→ **What needs to be done**:
Could the data below be retyped exactly, without its pictures?

→ **Data provided**:
########
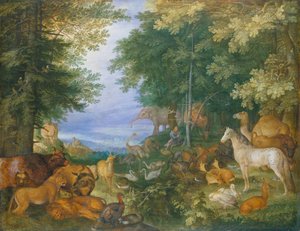 Orpheus bezaubert die Tiere mit seiner Musik von Roelandt Jacobsz. Savery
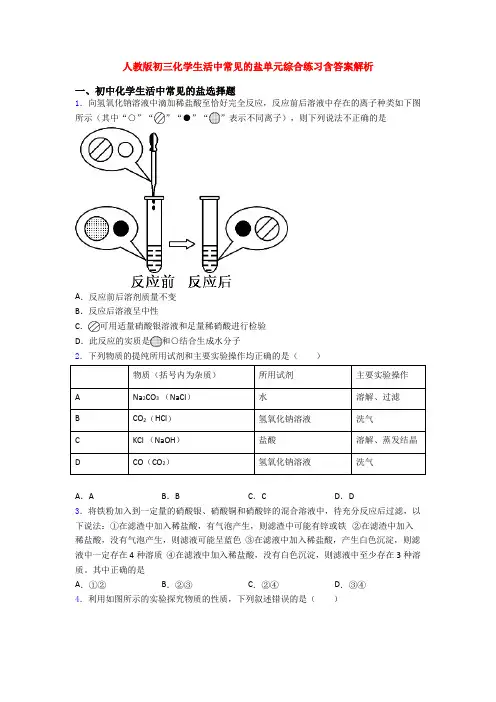 人教版初三化学生活中常见的盐单元综合练习含答案解析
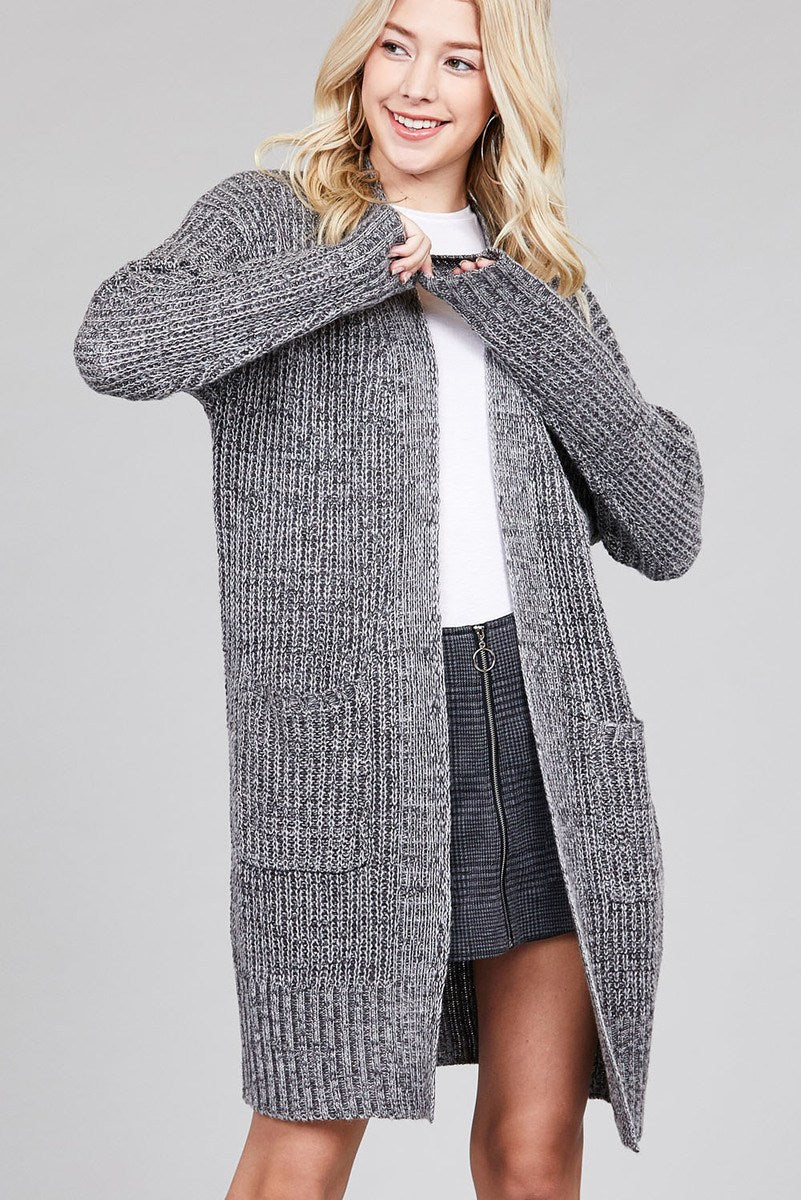 Ladies fashion dolmen sleeve open front w/patch pocket marled sweater cardigan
########
→ **Written solution**:
 Orpheus bezaubert die Tiere mit seiner Musik von Roelandt Jacobsz. Savery
 人教版初三化学生活中常见的盐单元综合练习含答案解析
 Ladies fashion dolmen sleeve open front w/patch pocket marled sweater cardigan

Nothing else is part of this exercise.